Charleville and Mézières were originally separate communities on opposite banks of the Meuse, about 1.2 km from one another.

Charleville was founded by Charles Gonzaga, the 8th duke of Mantua, in 1606. Its inhabitants were known as Carolopolitans (Carolopolitains or Carolopolitaines). It was prosperous from the 17th century, although its fortifications were dismantled under Louis XIV in 1687 and it passed into French hands in 1708. It was plundered by the Prussians in 1815. France's royal armaments factory was formerly located there and gave its name to the Charleville musket, before being relocated and divided between Tulle and Châtellerault. In the 19th century, the city continued to produce arms through private firms, as well as nails, hardware, wine, spirits, coal, iron, and slate. It boasted a spacious port, a theatre, a large public library, and a museum of natural history.
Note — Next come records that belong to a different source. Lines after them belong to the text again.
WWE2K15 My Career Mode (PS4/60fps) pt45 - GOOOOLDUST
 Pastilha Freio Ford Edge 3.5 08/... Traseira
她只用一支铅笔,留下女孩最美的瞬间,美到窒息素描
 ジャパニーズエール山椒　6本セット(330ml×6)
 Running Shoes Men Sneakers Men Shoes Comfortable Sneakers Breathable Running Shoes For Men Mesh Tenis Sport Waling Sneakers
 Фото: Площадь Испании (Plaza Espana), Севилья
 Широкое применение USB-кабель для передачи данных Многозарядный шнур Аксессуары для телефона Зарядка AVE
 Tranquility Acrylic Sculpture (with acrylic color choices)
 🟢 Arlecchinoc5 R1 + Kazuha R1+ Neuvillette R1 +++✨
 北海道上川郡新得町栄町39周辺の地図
The name Mézières derives from the Latin maceriae, meaning 'ramparts'.

The inhabitants of Mézières were known as Macerians (Macériens or Macériennes).

By the mid-19th century, the two towns were linked by a suspension bridge. It was occupied by the German Empire in the First World War and by Nazi Germany in World War II - the town served as the center of the Oberste Heeresleitung (OHL) for 26 days during World War I. The present commune was established in 1966, the year after another commune, Le Theux, had been merged into Mézières. The entire resultant commune has a population of about 51,000.

The Hôtel de Ville was completed in July 1933.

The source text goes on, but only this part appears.